La sua morte non sembra aver fatto particolare rumore qui in Italia, nella distratta terra natia di padre Tentorio, così come poca attenzione venne riservata, in passato, al tentativo di omicidio subito da lui stesso nel 2003 e scongiurato grazie all’intervento provvidenziale dei suoi parrocchiani. Del resto, le Filippine furono teatro di simili omicidi verso religiosi cristiani di origine italiana già nell’aprile 1985, quando padre Tullio Favalli fu freddato da paramilitari, e nel marzo 1992, quando la medesima sorte toccò a padre Salvatore Carzedda, ucciso da membri di un gruppo islamico. Ad altri due missionari italiani toccò invece la sorte meno dura del rapimento. Un accanimento anti-cristiano che attesta due importanti aspetti accomunati da una coltre di complice indifferenza da parte dell’opinione pubblica occidentale: da un lato il coraggio e l’altruismo (valori esemplari) che la scelta missionaria di tanti sacerdoti presuppone, dall’altro la pericolosa deriva che si sta verificando in alcuni luoghi di Asia e Africa a causa di intolleranza religiosa e profitto.
L’omicidio di Padre Tentorio, pur nella sua tragicità, può aiutarci a comprendere, spiegando i motivi che stanno dietro a questa barbara uccisione, la nobile rilevanza che il ministero dei missionari svolge in certe zone del pianeta. Padre Tentorio era un personaggio scomodo a tanti, visibili e invisibili nemici di un’armonia che la comunità dei lumad (un popolo indigeno nel quale il prelato italiano era integrato da tempo) riesce a coltivare mediante la vita di parrocchia e la condivisione della fede cristiana.
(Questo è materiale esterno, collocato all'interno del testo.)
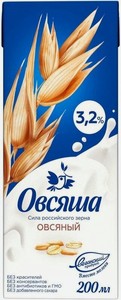 Напиток овсяша овсяный обогащенный детский 3,2% 200мл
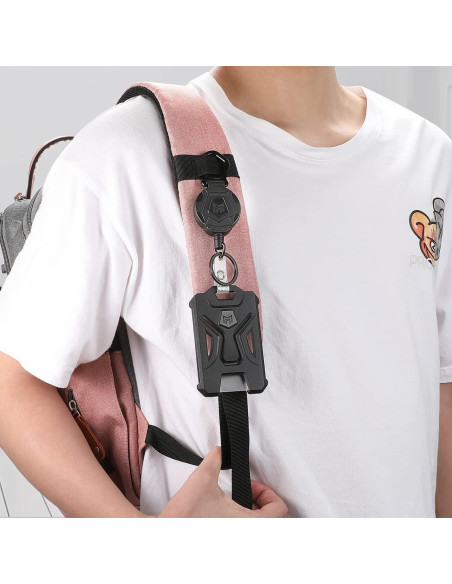 MNGARISTA Soporte Retráctil para Insignias y Llavero Negro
Egli si batteva strenuamente per la difesa di questo idillio, impedendo che la morsa della globalizzazione vi si avventasse per immolare le specificità culturali sull’altare dell’interesse economico. In questo senso, il suo lavoro infaticabile spaziava dall’alfabetizzazione alla catechesi, senza trascurare la difesa della terra contro l’invasione e lo strapotere di compagnie minerarie e agricole. Il contesto nel quale il missionario viveva è, infatti, quello di un’isola, Mindanao, ricca di metalli preziosi e risorse del sottosuolo, oltre che di vasti terreni incontaminati facenti gola a latifondisti intenti alla coltivazione estensiva. Le parole che ora filtrano dagli ambienti missionari non lasciano adito a dubbi: “Era un personaggio scomodo perché - afferma padre Angel Calvo, missionario Clarettiano a Mindanao -, con la sua opera di alfabetizzazione e istruzione, insegnava agli indigeni i loro diritti, accresceva la loro consapevolezza civile, le loro responsabilità e possibilità. Quest’opera aveva un riflesso soprattutto nelle dispute sulle terre che grandi compagnie minerarie o grandi latifondisti volevano espropriare agli indigeni”. E, per espropriarle, queste enormi lobby industriali, non esitano a tradire il rassicurante aspetto che i loro eleganti rappresentanti ostentano nei palazzi del potere e nei gangli della finanza. Per comprare terreni, infatti, queste compagnie straniere ricorrono alla corruzione dei capi tribù, agli abusi fisici e psicologici verso gli indigeni e al reclutamento di paramilitari - talvolta strumentalizzati da motivi religiosi - pronti ad uccidere.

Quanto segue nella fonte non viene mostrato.